[Recorded data]
_ _ _ _

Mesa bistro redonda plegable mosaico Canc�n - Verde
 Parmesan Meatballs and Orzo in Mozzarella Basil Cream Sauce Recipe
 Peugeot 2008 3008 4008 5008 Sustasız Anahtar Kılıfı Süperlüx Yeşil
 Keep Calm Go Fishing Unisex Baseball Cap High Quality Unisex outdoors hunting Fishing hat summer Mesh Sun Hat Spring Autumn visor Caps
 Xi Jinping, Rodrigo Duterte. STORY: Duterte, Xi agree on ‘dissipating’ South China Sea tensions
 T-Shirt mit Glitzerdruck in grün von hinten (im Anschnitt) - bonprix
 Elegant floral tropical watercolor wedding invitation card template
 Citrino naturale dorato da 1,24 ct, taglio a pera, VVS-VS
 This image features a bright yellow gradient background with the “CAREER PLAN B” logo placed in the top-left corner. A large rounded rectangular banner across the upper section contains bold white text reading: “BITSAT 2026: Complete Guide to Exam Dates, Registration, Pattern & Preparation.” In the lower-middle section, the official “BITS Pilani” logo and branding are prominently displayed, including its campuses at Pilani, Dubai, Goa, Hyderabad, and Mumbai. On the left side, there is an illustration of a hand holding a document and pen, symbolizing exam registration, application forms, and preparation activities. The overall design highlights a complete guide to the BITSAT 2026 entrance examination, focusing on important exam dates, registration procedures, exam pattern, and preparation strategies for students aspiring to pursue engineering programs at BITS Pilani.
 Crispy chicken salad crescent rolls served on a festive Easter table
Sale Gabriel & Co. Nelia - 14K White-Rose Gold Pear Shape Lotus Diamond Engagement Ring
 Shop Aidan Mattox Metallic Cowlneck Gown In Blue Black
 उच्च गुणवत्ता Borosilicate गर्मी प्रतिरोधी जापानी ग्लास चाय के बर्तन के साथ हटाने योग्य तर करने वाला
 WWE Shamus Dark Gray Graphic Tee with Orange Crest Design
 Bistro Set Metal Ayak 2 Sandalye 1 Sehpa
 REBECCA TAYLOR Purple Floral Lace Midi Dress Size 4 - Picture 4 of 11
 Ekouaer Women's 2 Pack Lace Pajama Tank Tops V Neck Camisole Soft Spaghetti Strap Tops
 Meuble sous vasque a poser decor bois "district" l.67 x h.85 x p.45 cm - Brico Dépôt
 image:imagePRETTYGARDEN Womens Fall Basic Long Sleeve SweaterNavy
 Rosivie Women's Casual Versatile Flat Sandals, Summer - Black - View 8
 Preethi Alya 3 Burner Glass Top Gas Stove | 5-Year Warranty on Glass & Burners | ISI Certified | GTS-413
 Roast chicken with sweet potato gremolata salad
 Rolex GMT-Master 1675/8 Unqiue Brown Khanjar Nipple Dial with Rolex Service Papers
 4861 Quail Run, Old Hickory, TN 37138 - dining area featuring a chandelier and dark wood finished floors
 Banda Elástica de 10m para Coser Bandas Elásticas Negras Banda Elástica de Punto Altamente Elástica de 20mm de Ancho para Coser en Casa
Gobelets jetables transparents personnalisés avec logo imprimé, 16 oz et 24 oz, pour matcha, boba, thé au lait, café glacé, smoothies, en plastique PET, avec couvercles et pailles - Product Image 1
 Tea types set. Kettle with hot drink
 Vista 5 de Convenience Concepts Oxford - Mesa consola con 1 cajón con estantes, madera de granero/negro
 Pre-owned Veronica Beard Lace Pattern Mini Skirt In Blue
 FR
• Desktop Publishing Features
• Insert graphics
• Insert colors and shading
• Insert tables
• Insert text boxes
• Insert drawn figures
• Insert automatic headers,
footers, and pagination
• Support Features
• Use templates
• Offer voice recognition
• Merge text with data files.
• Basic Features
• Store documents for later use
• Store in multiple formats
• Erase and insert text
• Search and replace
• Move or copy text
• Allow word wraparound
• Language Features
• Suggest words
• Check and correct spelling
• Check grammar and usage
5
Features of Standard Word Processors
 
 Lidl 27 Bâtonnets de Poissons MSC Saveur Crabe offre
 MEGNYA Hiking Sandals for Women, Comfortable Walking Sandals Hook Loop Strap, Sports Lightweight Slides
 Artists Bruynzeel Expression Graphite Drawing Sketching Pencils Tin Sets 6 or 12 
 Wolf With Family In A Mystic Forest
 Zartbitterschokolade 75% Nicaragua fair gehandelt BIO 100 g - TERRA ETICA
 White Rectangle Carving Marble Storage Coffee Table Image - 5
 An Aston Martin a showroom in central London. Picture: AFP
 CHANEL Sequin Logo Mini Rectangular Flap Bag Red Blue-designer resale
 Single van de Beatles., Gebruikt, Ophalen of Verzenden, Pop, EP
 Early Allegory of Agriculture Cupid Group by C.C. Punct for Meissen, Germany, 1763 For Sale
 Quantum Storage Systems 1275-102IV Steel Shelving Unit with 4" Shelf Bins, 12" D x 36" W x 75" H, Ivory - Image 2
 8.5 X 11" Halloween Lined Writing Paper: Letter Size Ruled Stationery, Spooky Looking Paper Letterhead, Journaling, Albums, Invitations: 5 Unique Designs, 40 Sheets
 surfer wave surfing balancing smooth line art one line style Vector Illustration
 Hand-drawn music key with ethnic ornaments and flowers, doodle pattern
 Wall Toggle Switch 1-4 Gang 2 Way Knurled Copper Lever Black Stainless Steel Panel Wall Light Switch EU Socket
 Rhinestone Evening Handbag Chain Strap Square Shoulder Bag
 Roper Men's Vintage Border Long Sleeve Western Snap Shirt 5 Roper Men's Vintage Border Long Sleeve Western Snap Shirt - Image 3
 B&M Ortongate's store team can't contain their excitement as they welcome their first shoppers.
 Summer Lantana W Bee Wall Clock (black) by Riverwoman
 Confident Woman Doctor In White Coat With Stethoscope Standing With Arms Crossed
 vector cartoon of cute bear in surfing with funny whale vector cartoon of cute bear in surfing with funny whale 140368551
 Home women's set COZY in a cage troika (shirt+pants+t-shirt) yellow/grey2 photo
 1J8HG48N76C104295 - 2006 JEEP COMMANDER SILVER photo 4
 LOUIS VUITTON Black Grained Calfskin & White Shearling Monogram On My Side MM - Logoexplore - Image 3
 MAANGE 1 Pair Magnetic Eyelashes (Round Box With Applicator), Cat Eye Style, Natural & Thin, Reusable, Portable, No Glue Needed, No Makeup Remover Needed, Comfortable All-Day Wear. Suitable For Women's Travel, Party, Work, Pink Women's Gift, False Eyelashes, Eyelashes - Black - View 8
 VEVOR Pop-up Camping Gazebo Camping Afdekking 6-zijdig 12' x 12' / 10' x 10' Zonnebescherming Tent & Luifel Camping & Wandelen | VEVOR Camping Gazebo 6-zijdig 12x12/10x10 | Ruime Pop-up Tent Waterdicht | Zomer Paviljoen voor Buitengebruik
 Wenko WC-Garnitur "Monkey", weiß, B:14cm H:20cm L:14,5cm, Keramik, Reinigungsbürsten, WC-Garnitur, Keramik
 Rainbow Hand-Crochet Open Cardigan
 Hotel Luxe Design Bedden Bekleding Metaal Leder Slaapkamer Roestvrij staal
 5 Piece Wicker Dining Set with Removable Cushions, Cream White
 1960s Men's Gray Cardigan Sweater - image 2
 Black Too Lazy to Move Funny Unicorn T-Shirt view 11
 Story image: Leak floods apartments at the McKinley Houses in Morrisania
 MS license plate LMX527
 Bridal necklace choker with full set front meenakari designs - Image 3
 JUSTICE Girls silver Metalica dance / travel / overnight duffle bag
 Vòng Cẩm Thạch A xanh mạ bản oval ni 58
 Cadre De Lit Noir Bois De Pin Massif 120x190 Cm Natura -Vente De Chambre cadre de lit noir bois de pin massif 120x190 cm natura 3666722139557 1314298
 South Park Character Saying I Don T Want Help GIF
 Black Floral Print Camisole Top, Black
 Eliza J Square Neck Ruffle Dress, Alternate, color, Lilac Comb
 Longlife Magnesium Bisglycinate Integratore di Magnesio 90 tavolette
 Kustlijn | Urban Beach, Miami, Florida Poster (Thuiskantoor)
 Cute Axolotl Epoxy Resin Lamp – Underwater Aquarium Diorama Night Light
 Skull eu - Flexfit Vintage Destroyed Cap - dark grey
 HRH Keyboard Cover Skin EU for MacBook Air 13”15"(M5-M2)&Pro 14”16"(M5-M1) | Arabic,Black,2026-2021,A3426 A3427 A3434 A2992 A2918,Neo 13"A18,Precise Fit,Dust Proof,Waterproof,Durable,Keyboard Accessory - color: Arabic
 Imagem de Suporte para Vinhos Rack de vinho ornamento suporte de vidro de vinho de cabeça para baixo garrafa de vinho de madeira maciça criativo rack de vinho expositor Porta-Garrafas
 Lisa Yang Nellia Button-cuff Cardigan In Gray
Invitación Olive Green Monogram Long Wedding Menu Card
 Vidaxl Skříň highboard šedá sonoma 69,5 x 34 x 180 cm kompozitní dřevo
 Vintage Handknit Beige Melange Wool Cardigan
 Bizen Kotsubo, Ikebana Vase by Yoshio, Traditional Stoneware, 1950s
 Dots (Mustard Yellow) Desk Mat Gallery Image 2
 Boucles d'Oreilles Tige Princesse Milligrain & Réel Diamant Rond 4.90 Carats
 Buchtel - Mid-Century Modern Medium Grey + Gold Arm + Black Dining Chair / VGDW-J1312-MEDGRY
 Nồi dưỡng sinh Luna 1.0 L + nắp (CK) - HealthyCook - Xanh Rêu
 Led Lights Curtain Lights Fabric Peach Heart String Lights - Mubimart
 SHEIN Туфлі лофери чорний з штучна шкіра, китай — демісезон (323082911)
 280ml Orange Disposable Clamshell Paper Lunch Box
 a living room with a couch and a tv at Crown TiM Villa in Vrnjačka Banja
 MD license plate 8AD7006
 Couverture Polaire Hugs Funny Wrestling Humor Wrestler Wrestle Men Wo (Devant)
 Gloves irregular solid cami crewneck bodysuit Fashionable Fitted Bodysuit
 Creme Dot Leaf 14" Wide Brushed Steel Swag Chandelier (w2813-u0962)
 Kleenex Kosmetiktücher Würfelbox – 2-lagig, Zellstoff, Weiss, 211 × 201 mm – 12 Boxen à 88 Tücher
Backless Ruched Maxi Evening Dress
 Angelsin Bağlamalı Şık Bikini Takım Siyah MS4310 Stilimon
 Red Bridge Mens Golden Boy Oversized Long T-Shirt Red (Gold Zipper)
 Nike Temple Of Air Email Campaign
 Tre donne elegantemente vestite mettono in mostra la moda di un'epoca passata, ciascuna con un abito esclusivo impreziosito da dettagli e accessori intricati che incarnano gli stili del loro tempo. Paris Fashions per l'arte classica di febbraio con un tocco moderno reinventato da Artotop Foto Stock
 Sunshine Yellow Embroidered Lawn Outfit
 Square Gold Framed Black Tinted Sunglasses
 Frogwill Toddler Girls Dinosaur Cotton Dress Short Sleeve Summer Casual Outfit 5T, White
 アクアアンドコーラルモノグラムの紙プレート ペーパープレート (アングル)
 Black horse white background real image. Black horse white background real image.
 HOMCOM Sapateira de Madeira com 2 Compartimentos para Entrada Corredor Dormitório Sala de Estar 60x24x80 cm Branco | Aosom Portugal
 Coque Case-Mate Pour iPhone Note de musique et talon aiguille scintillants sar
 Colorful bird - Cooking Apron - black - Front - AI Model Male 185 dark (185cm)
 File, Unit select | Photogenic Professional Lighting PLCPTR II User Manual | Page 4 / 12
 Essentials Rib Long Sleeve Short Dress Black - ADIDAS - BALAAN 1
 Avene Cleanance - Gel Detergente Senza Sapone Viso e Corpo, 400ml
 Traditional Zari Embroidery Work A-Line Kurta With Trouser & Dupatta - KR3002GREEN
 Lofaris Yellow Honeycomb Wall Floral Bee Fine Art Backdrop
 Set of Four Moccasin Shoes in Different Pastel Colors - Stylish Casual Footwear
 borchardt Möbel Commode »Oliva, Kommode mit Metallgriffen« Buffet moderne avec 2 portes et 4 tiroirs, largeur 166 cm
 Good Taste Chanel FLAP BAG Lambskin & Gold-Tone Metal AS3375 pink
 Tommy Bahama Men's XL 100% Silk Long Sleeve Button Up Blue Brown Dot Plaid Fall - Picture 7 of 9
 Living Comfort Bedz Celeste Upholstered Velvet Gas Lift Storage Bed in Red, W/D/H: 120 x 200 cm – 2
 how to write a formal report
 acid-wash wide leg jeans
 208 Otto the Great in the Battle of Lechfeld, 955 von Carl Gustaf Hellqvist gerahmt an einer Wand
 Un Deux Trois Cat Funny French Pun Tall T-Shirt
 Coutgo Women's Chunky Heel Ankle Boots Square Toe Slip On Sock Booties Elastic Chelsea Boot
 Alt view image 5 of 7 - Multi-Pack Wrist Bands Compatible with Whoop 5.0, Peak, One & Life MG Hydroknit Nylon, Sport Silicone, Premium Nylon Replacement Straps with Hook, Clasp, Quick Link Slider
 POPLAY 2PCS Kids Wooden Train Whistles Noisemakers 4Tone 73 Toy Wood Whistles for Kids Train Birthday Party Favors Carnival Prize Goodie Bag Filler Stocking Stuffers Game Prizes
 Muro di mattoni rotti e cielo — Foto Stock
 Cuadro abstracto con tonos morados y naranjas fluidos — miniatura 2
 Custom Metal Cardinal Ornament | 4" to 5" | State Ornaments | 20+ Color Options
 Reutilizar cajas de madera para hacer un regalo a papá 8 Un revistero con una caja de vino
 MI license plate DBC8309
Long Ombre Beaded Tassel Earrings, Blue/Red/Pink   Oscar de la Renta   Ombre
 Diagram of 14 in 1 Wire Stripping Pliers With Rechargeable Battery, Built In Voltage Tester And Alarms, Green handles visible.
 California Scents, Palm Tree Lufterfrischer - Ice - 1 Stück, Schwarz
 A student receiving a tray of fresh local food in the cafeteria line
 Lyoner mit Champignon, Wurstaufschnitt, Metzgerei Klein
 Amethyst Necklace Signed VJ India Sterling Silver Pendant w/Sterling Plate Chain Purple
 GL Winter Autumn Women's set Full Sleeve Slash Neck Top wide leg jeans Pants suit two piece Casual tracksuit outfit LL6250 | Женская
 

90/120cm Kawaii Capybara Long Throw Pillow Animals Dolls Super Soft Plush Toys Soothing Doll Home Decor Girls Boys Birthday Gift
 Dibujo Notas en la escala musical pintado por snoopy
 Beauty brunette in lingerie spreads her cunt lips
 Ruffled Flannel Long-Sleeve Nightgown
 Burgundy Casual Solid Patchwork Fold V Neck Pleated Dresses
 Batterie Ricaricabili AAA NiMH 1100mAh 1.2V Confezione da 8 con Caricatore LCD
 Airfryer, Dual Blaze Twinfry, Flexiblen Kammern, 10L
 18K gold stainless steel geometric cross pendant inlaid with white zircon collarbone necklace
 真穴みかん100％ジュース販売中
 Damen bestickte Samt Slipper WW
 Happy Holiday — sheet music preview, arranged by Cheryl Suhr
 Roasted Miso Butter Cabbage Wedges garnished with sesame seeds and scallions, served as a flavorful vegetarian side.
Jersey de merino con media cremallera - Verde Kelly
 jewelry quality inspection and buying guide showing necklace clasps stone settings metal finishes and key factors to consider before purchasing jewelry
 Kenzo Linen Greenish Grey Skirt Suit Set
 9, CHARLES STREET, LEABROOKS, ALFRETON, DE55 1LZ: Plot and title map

_ _ _ _

▶ **WHAT IS EXPECTED**
Which of the lines above mention the word "Short"? Pull those lines out.

▶ **TASK SOLUTION**
 Frogwill Toddler Girls Dinosaur Cotton Dress Short Sleeve Summer Casual Outfit 5T, White
 Essentials Rib Long Sleeve Short Dress Black - ADIDAS - BALAAN 1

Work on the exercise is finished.